Yes - technically we should use data-t or similar, I cut it down to t for some demos just for efficiency's sake. Transcripts can get rather large and including a data-t attribute instead of just t can cut down the size significantly. That said I am leaning towards using data-t in future for validation and accessibility reasons. The duplication present in earlier transcripts with the oval attribute was just because this was the format that the 3playmedia.com service exported word aligned transcripts in HTML.
At the moment I am using a third-party service such as 3playmedia or I'm grabbing subtitled media and guessing the word timings, which surprisingly is often good enough,
Nothing special going on here, the filenames may have changed but it is essentially the same approach.
Thanks there were a few peopel involved in that one, very much a team effort.
Sure I'll post a link to it. However somewhere in this groups should be a post containing a list of the various transcription services. I plan to put a website together at some point which should make the key information more obvious. I should also investigate Soundbooth.
It's encouraging to hear about other people working in this area. I'd love to hear how you get on.
|Re: Hyperaudio Applications and Demos||Steve Raskin||6/5/12 2:04 PM|
Thanks again Mark. My research into hyperaudio was prompted by an invitation from a client to advise them regarding a project which, I believe, is a most fitting application for hyperaudio. I’m awaiting their response and I’ll let you know what happens when I hear from them. Cheers, sr
|Re: Hyperaudio Applications and Demos||Mark Boas||11/7/12 8:47 AM|
Sorry for being quiet. I've been working on some stuff for Al Jazeera English running up to the election, the good news is it was related to hyperaudio.
here's an example:
I included some undocumented url params so you can do stuff like this http://www.aljazeera.com/indepth/interactive/2012/10/20121023134433218846.html?k=economy&t=1000
Any thoughts of course appreciated.
|Re: [hyperaudio] Re: Hyperaudio Applications and Demos||Weston Ruter||11/7/12 8:57 AM|
|Re: [hyperaudio] Re: Hyperaudio Applications and Demos||Mark Boas||11/7/12 2:31 PM|
Thanks! We used 3playmedia.com
|Re: Hyperaudio Applications and Demos||Mark Boas||11/14/12 3:16 AM|
Latest screencast demonstrating typed natural language transitions http://happyworm.com/screencams/hyperaudiopad/2012-10-24/HyperaudioPad-Oct12.m4v
|Re: Hyperaudio Applications and Demos||Zev Averbach||11/14/12 9:38 AM|
I was blown away by the Al-Jazeera transcripts, Mark -- the hypertranscripts (sp?) are beautiful and eminently readable.

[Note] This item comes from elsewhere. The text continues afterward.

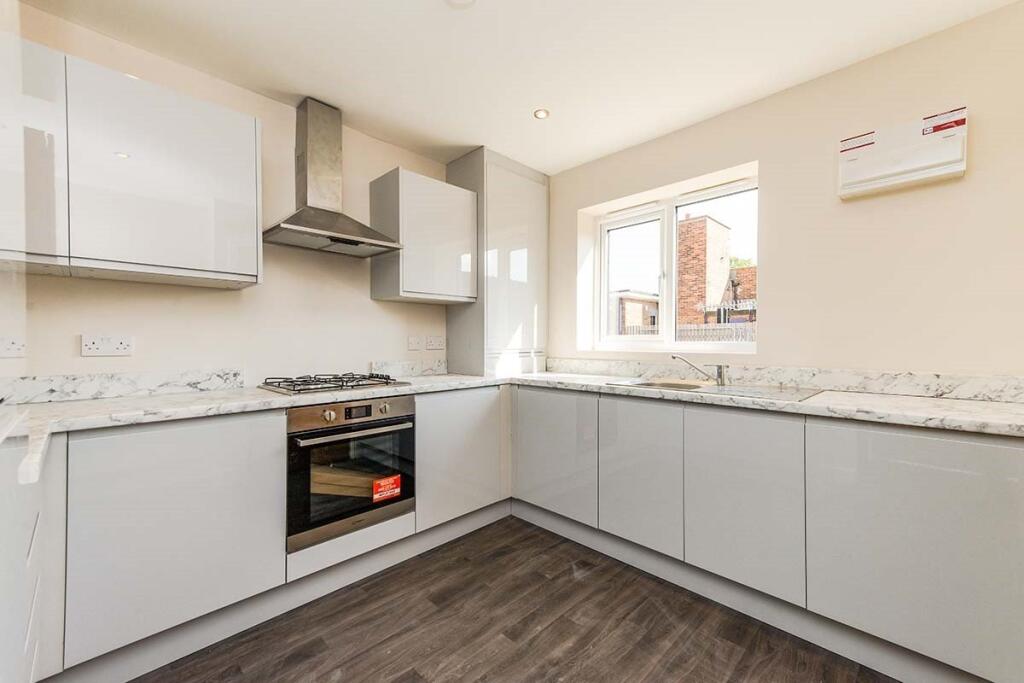 Main image of property: Oakland Place, Hemsworth, West Yorkshire, WF9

Grabbed your code from Github and made this, using Inqscribe + the SRT--->Hypertranscript utility (minus the "oval"s).
Not as sexy as 3Play's timing, I know -- but our first attempt.
We are hoping to develop a transcription app (manual, not ASR) which generates hypertranscript and possibly WebVTT/SRT files by generating a timecode every time there's a space bar press, then compensating for the "hearing-->typing" latency before publishing the transcript.

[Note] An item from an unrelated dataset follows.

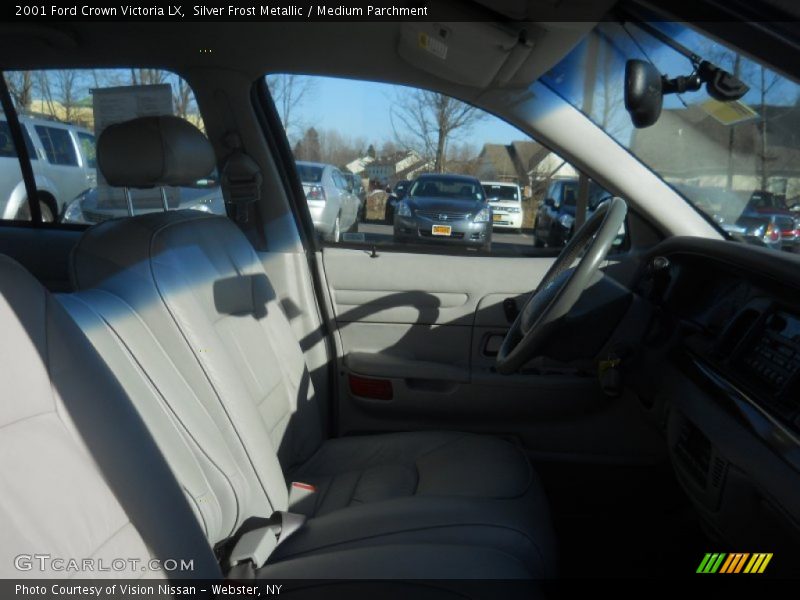 Silver Frost Metallic / Medium Parchment 2001 Ford Crown Victoria LX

It sounds like Inqscribe's roadmap might eventually support something like this, and possibly these guys (Wreally Transcribe) too.
We're here to help, if you or anyone needs input on UI/UX, as well as transcription services.
|Re: Hyperaudio Applications and Demos||Mark Boas||11/15/12 1:56 PM|
That's great Zev - thanks!
On Wednesday, November 14, 2012 6:38:13 PM UTC+1, Zev Averbach wrote:
I was blown away by the Al-Jazeera transcripts, Mark -- the hypertranscripts (sp?) are beautiful and eminently readable.